『るろうに剣心』ヒットの裏側!勝因は全国的な宣伝展開ができたこと
和月伸宏の人気コミックを原作にした映画『るろうに剣心』が公開後わずか17日で興行収入20億円を超えるヒットを記録している中、本作の宣伝プロデューサーを務める小杉陵が宣伝の裏側を語った。
小杉は、これまでにも『L change the WorLd』(原作:大場つぐみ・小畑健)や『パラダイス・キス』(原作:矢沢あい)といったコミック原作映画の宣伝を手掛けてきた。「コミック原作映画は、すでにファン層が形成されていることが強みであると同時に、原作やファンの期待が大きな壁のように立ちはだかります。でも、その壁を乗り越えるチャレンジが宣伝する醍醐味(だいごみ)だと思います」と明かすように、コミック原作であることのメリットとデメリットは表裏一体だ。
だが『るろうに剣心』に限っていえば、コミック原作であることのメリットはデメリットを補って余りあるほど大きかったという。「『原作マンガを読んでいた世代』、それから年齢層が下がって『アニメで触れた世代』、さらに『OVAで観た世代』というふうに、ここ20年くらいはどの世代にも『るろうに剣心』の下地があるんです」と語る小杉は、そのことを考慮し、あえて観客の年齢層を絞らない戦略を採用した。

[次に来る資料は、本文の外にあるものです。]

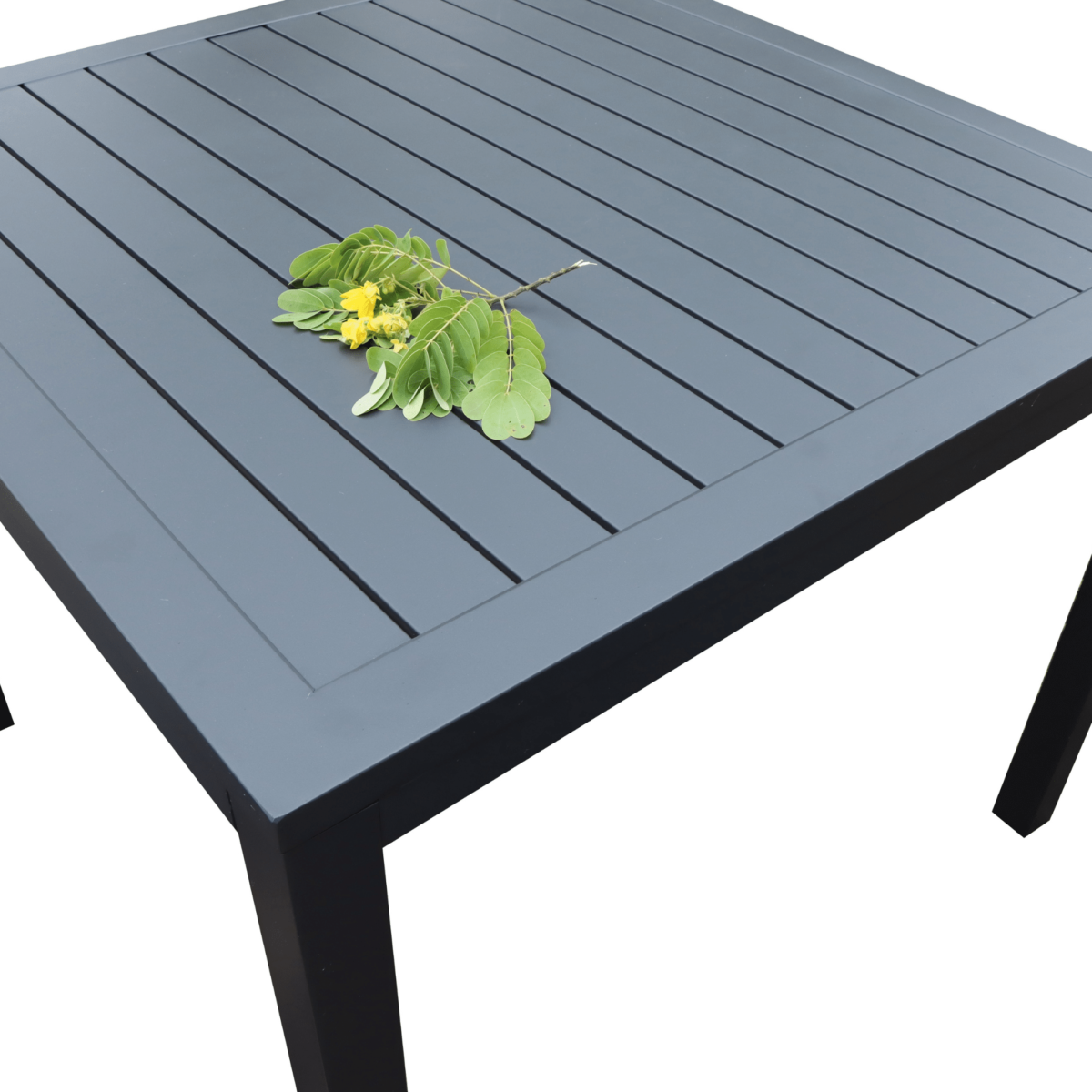 Detail van de vierkante tafel van de Boender Outdoor 5-delige tuinset in antraciet.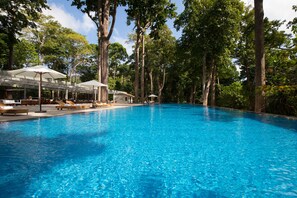 Outdoor pool, pool loungers - Taj Exotica Resort & Spa, Andamans (Port Blair)
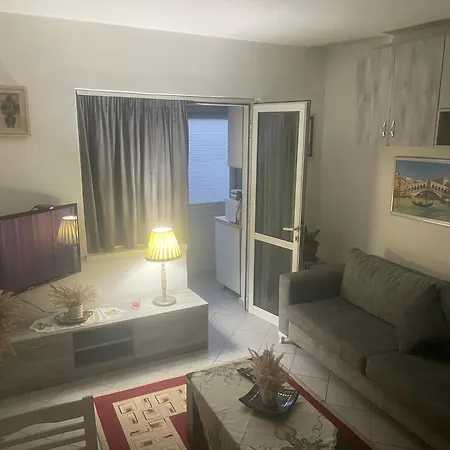 Cozzy Appartamento Tirana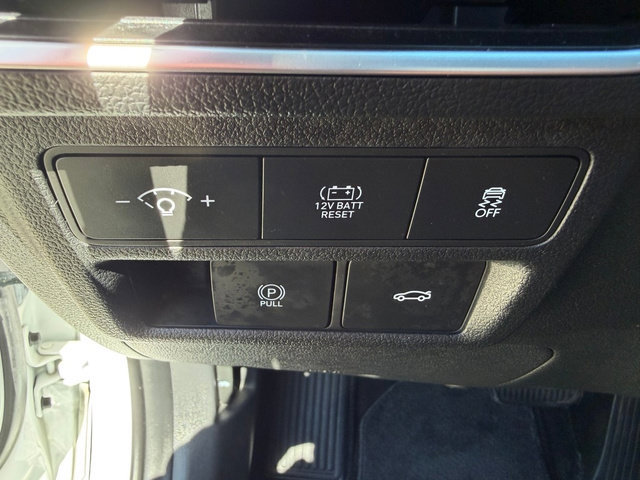 Used 2025 Hyundai Sonata SEL FWD image 23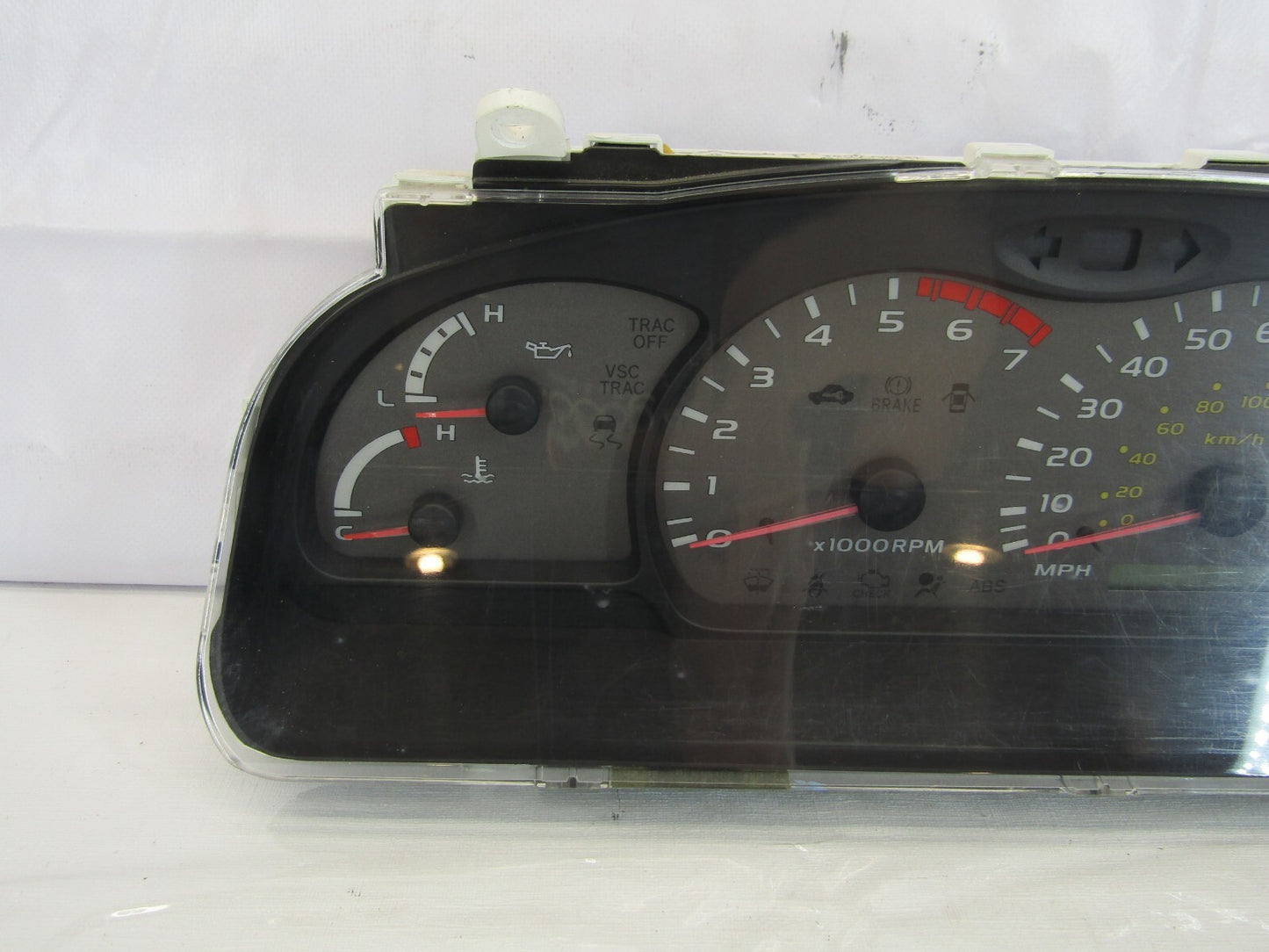 2001-2004 Toyota Sequoia Speedometer Instrument Cluster 83800-0C131 250K Miles
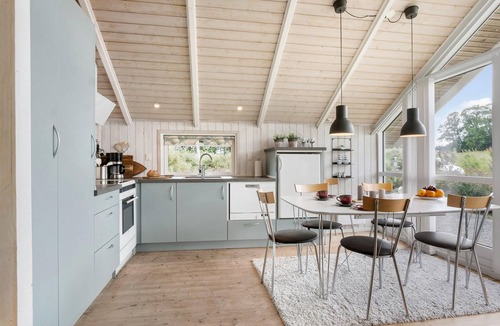 Vejlby Fed House | Lovely home in Middelfart with kitchen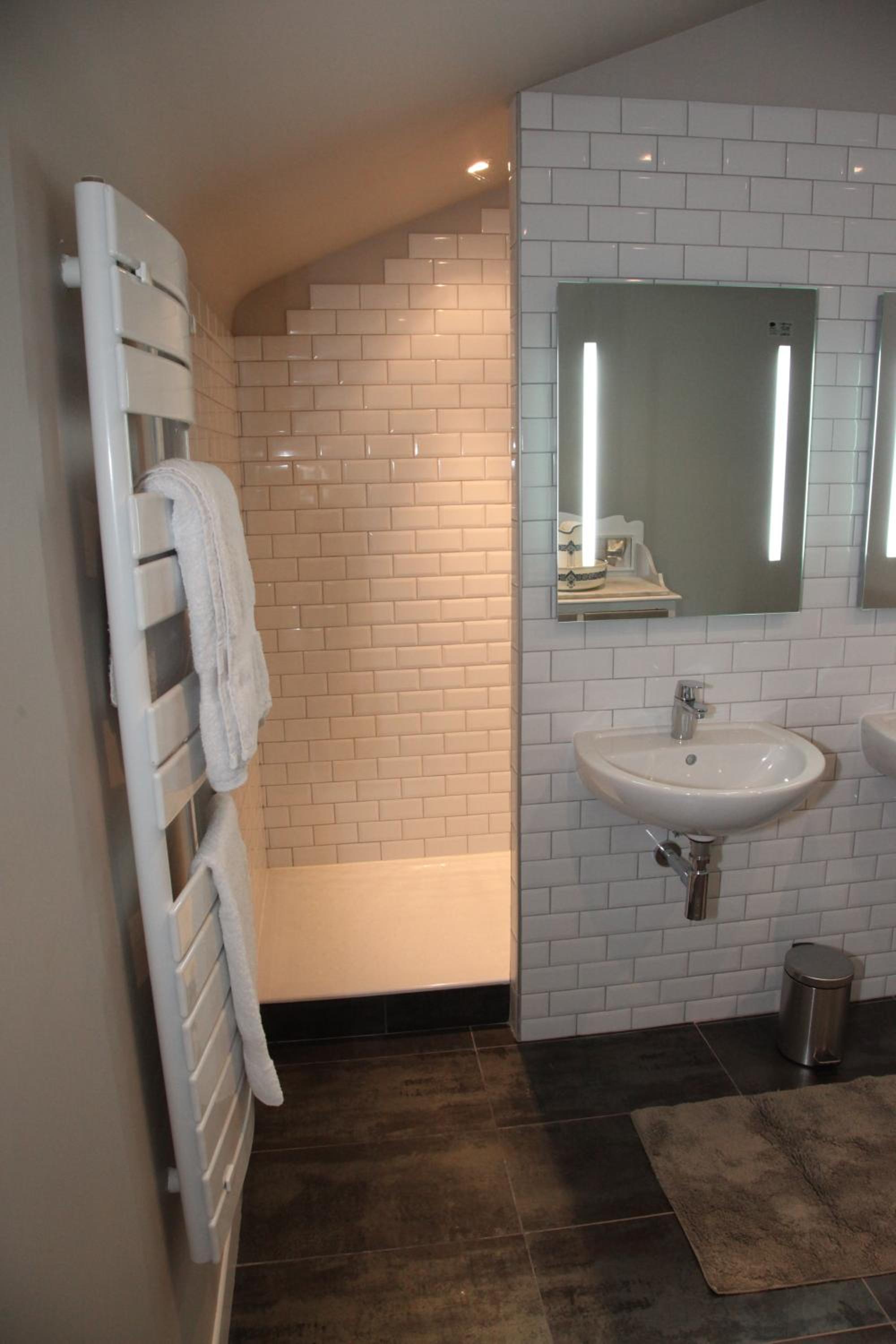 Double Room with Private Bathroom photo 3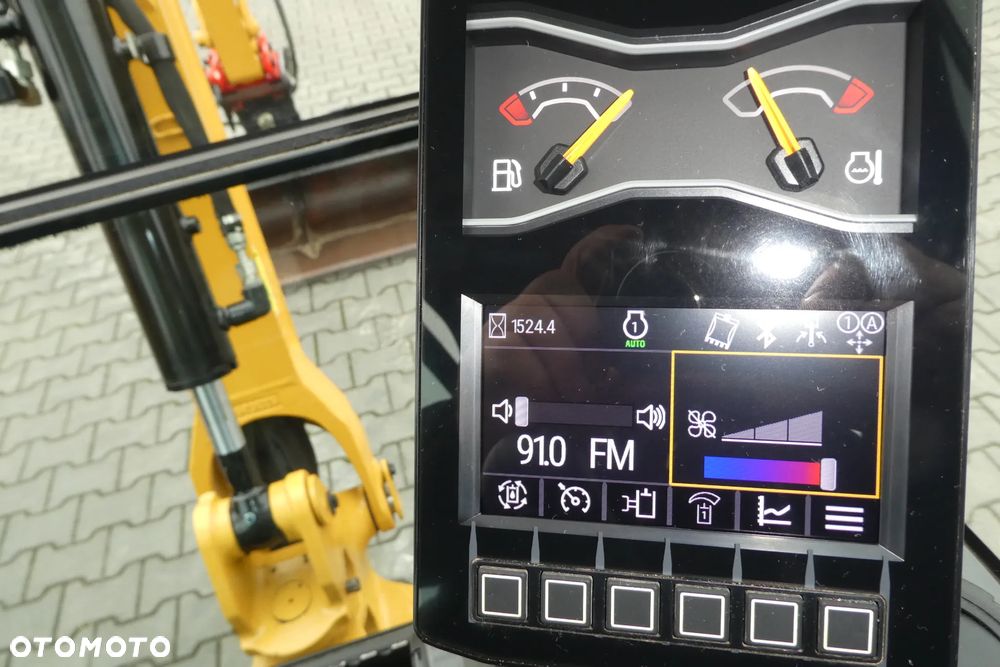 Caterpillar 301.8 -05 SPROWADZONA - 17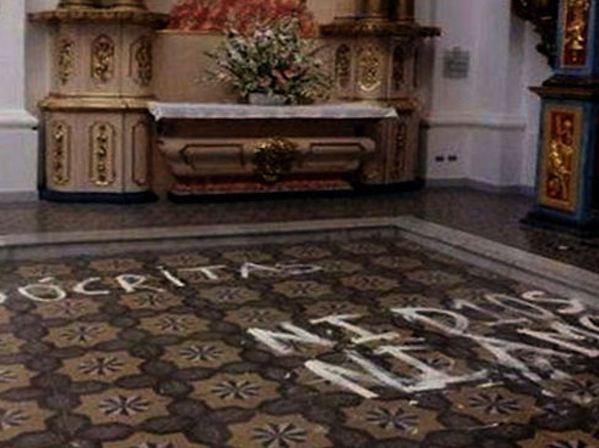 Alumnos que atacaron la iglesia de San Ignacio de Loyola fueron a confesarse por el hecho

具体的には、洋画的な空中戦(レッドカーペットイベント、キャストのテレビ稼働、テレビCMの大量投下)と、邦画的な地上戦(全国横断るろう人キャンペーン、セブン-イレブンを中心とした全国規模の大型タイアップ)を組み合わせ、幅広い世代に本作の魅力をアピール。また、公開直前までロンドンオリンピックが開催されていたことも計算に入れ、オリンピック終了から公開までの約2週間でさまざまな宣伝材料を投下した。
同時に、本編が春に完成していたことで試写会を多く組むことが可能になり、マスコミ業界内での話題作りも成功した。「今のマスコミの世代の方っていうのは、『るろうに剣心』にドンピシャな世代の方なので、良くも悪くも興味はあるんですよね」というように、原作の人気が宣伝を後押し。公開直前には多くの雑誌が『るろうに剣心』を特集した。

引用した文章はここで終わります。